Ainda se lê muitas vezes, em prefácios de certas obras, a propósito texto, história, aparente correspondência de factos, a seguinte nota: qualquer semelhança entre a realidade e esta obra é pura coincidência.
Eis o que acontece com o livro «Lírica do desassossego». Para muitos, contudo, nestes e noutros casos, a coincidência, citada de tal forma, não passa de um aviso furtivo, encobrimento de diferentes veracidades. Há quem a entenda, por exemplo, como previdência cautelar, antecipação da desculpa ou alteração decisiva da cor de um novelo que se desenrola sem montagem.
«Lírica do desassossego», assegura o autor, coincide no título e na crise de um vídeo que realizou, há largos anos, com alguém que estava de passagem por Lisboa. E acrescenta, por sua vez, que a coincidência dos títulos das duas obras é sobretudo um modo de registar de igual maneira um romance e um filme, apesar da diferença de conteúdos formais. Haveria problema se o filme estivesse publicado e pertencesse a outro autor.
Rocha de Sousa tem insistido numa espécie de paradoxo a propósito de alguns dos seus trabalhos, procurando tornar clara a ideia, para a mesma peça, da diferença na semelhança.
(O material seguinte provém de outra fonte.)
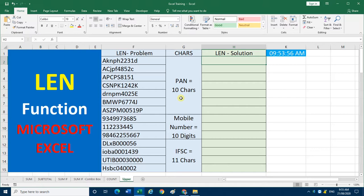If we have 500 PAN numbers in a column, we have to check everything manually, which is not possible. So how can we check whether 10 characters are available in the PAN number or not?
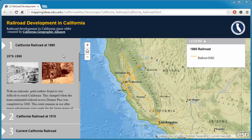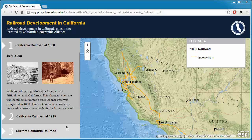This tutorial demonstrates how to use the Railroad Development in California Story Map. The left panel has tabs for different time periods, and the map panel on the right displays the distribution of the railroads during the selected time period.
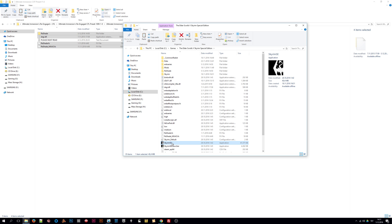Hi guys, Ultimate Immersion here. Some of you were asking me about the tutorial video on how to install the ENB and Reshade presets, and in this video I'm going to guide you through.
De facto, no caso do filme, convivemos com uma situação residual da memória a despertar, na personagem, um comportamento paroxístico cuja fase inicial se enovela, em semelhança, com uma espécie de performance alucinatória em que as imagens resgatadas da memória vêm ganhar semelhança na cena em que a mulher voyeurista acaba por cortar com grande esforço o cabo que a envolve.
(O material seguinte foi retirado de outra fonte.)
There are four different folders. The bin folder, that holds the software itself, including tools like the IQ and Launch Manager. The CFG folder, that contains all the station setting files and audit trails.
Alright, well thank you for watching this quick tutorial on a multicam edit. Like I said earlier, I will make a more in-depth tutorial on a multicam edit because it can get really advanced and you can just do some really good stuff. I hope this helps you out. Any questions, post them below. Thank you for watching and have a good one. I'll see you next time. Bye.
No livro, a personagem é acompanhada desde a adolescência, mostrando-se desenquadrada em muitas situações, pacífica noutras, insinuante ou caprichosa ainda, como se o seu meio não fosse mais do que uma porta de entrada para espaços de devaneio, desce cedo de natureza erótica e sexual, uma ideia transgressiva e inconsequente da pintura. Ela casa cedo e é breve no desempenho. Volta a casar, traindo as normas das festas e delírios. Os folhos quase não existem. O seu cordão umbilical não é transformado em corda mas em auto-sequestros e libertações durante viagens. Após o último casamento, ou união de facto, assistimos ao desmoronamento desta mulher, de África para Portugal, entregue ao zelo contingente de outros homens, presa do álcool e de uma inteligência que descobria o impossível e nada propunha para realizar. A solidão vem desvendar essa mulher na indigência; e, como sempre, invejando e amando os outros, já sem a mini-saia de outrora, afeita a opas lineares nas quais escondia a mutação do corpo e talvez da alma, sempre voltaria a vários vinhos consumíveis. Entidade do mundo contemporâneo, moldada um colonialismo disfarçado, destinada ao luxo e à lassidão, esta figura passando por situações abjectas e entregas surdas, pintando coisas absurdas por e saturadas na cor, vai perder a sua própria história: o que fazer da comida seca, que verdade ainda lhe poderá caber por semelhança a todos os difusos vínculos genealógicos?
Os poços de fealdade nesta vida, confrontada com as seduções actuais, é uma beleza lírica apesar de todo o desassossego.